Vor dem Arbeitsgericht trägt jede Partei ihre eigenen Kosten. Beauftragt ein Arbeitnehmer keinen Anwalt, sondern vertritt sich vor dem Arbeitsgericht selbst, dann muss er den Anwalt des Arbeitgebers nicht bezahlen, selbst wenn der Arbeitnehmer den Fall vollständig verliert. Das gilt für sämtliche Klagen vor dem Arbeitsgericht, egal ob es um Kündigungsschutz, Pkw-Nutzung, Schadensersatzansprüche, Urlaubsabgeltung oder Überstundenabgeltung geht.

Verzugslohn Risiko für Arbeitgeber

Nach Ausspruch einer Kündigung und Ablauf der Kündigungsfrist kommt der Arbeitnehmer zu Recht nicht mehr zur Arbeit. Reicht der Arbeitnehmer rechtzeitig Klage ein und gewinnt den Prozess läuft der Arbeitgeber Gefahr, für die Dauer des Prozesses Lohn dem Arbeitnehmer zahlen zu müssen, obwohl dieser keine Arbeitsleistung erbracht hat.
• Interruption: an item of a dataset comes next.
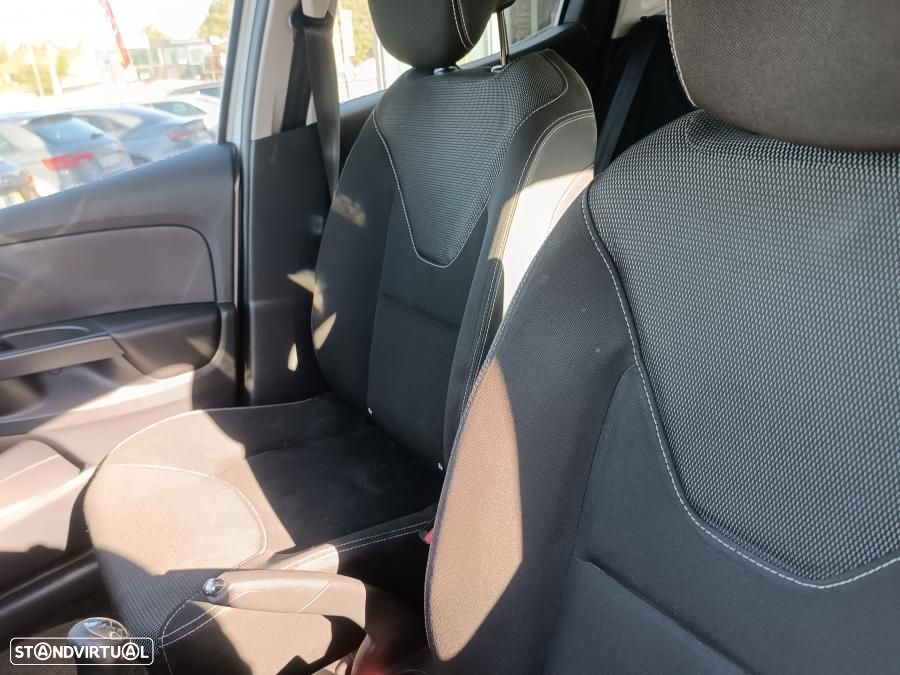 Renault Clio 1.5 dCi Confort - 11
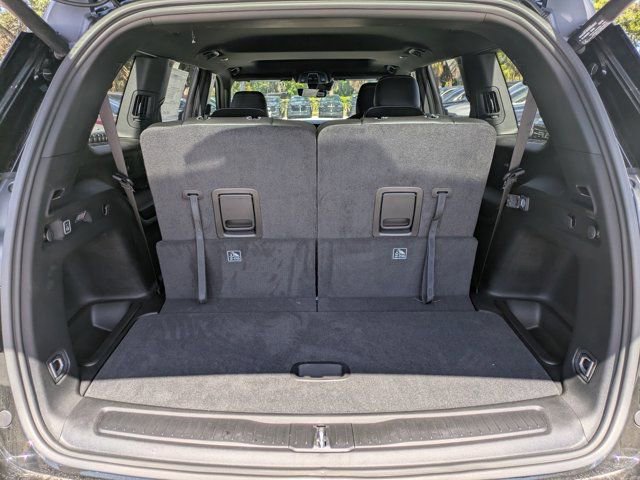 New 2025 Jeep Grand Cherokee L Altitude image 11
Dieses Risiko müssen Arbeitgeber kennen und wissen, wie man damit umgeht. Im Video wird skizziert, wie der Verzugslohnanspruch entsteht und wie man als Arbeitgeber damit umgehen muss.

Rechtsantragsstelle des Arbeitsgerichts

Bei jedem Arbeitsgericht gibt es eine Rechtsantragsstelle. Dort kann jeder Arbeitnehmer hingehen und eine Klage anfertigen lassen. Vor allen Dingen bei Kündigungsschutzklagen hilft die Rechtsantragsstelle des Arbeitsgerichts, die Klage in die richtige Form zu gießen. Die Rechtsantragsstelle bei dem jeweiligen Arbeitsgericht ist allerdings keine Rechtsberatungsstelle, sondern nur dafür da, dass die Schriftsätze formal richtig gefertigt werden. Wer bspw. eine Kündigung erhalten hat und bei wem der Ablauf der dreiwöchigen Kündigungsschutzklagefrist droht, der kann mit der Kündigung zum Arbeitsgericht gehen und bei der Rechtsantragsstelle eine Kündigungsschutzklage aufsetzen lassen, die dann beim Arbeitsgericht eingereicht werden kann. Kosten entstehen dabei nicht.

Beweisproblematiken vor dem Arbeitsgericht

Die Beweisproblematik ist bei Klagen vor dem Arbeitsgericht ein sehr wichtiger Punkt. Wer muss was beweisen? Muss der Arbeitgeber beweisen, dass der Arbeitnehmer eine Kündigung erhalten hat? Muss der Arbeitnehmer beweisen, dass die Kündigung nicht original unterzeichnet war? Müssen Arbeitgeber die Kündigung zustellen und wenn ja, wie geht das? All das wird unter Beweisproblematiken auf dieser Website erörtert.